Ultima seduta di ottava particolarmente difficile a Wall Street che rischia un “venerdì nero”, ma riesce a contenere le perdite in un range compreso tra il punto ed i due punti percentuali, con l’eccezione del Russell 2000 che affonda, invece, del tre. Su molte small caps aleggia infatti lo spettro degli elevati tassi di interesse che pesano su società già molto indebitate.

La giornata era iniziata con un segno positivo, in scia al report del mercato del lavoro del mese di febbraio lievemente migliore delle attese, ma con il passare delle ore gli indici sono tornati sotto pressione sulla notizia della chiusura della Silicon Valley Bank, l’istituto di credito chiuso dall’autorità bancaria americana (FDIC) per manifesta insolvenza. Si tratta della sedicesima banca per asset del Paese e del più grosso fallimento bancario dal 2008.

Il Dow Jones ha perso l’1,1%, lo S&P500 l’1,4% ed il Nasdaq l’1,8%.

Tutti gli undici settori dello S&P500 hanno chiuso in rosso, con il finanziario in calo del 1,8% e l’immobiliare – il più penalizzato – del 3,3%.

L’ottava si è chiusa, invece, con lo S&P500 in calo del 4,5%, il più marcato dallo scorso settembre, portando il guadagno annuo ad un mero +0,6%. Il Dow Jones ha lasciato sul terreno il 4,4% ed è in rosso di oltre il tre per cento dal primo gennaio, mentre il Nasdaq ha perso il 4,7%, ma mantiene un progresso superiore al 6% nel 2023.

Tra i titoli più penalizzati Charles Schwab – la banca di trading online – la quale cede oltre l’undici per cento e quasi un quarto del suo valore nelle ultime tre sedute. In calo anche Gap (-6,3%), in scia ad una trimestrale deludente e stessa sorte anche per Oracle (-3%) in after hours.

Seconda seduta di forte rialzo per il VIX (+10%) in progresso di 2,2 punti a 24,9 ed al massimo degli ultimi tre mesi.

Forte terremoto sul mercato obbligazionario che subisce una sorta di “flight to safety” per le tensioni nel settore finanziario domestico.
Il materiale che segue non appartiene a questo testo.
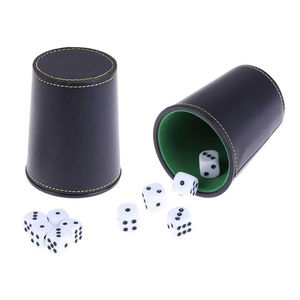 Gobelet à dés noir carré pour jeux, avec logo personnalisé, pour bars et discothèques - Ensemble de 5 dés - Product Image 5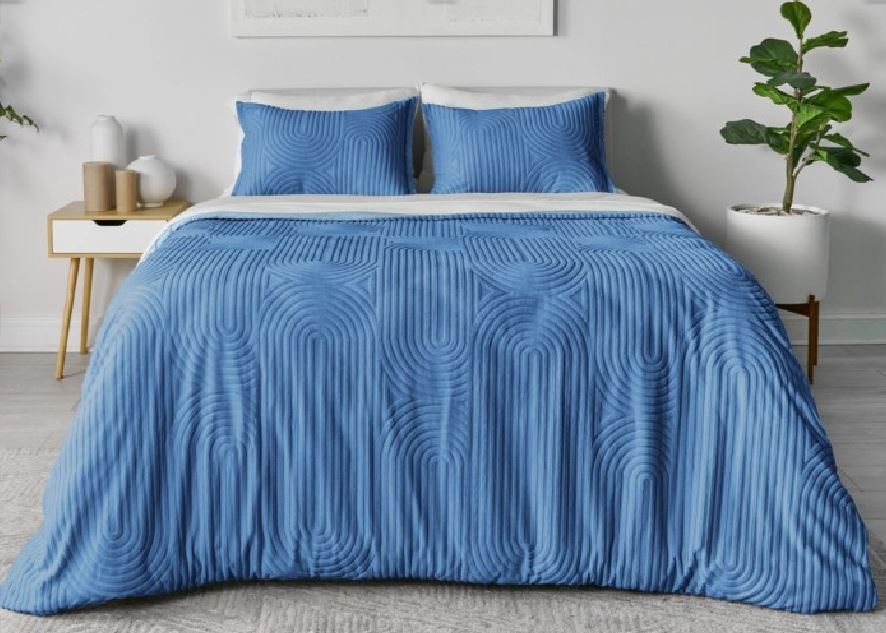 BedGear Performance Duvet Set, King - Stonewash Blue/Racetrack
I rendimenti si inabissano sulla parte lunga della curva dei tassi d’interesse con il Tbond che scivola di ventuno punti base al 3,70%.

Tra le materie prime, il petrolio (+1%) riesce ad interrompere la serie negativa di cinque sedute consecutive in calo, ribaltando una apertura in discesa e terminando a 76,5 dollari al barile.

Primo deciso rimbalzo anche per i due principali metalli preziosi – oro e argento – che rimbalzano entrambi del due per cento sfruttando sia il calo del dollaro che il momento di tensione sul settore finanziario.

Stesso percorso anche per le materie prime agricole con frumento in progresso di oltre il tre per cento ed il mais di quasi il due.

Sul mercato valutario il dollaro si indebolisce nei confronti dell’euro di quasi un’intera figura fino a 1,066.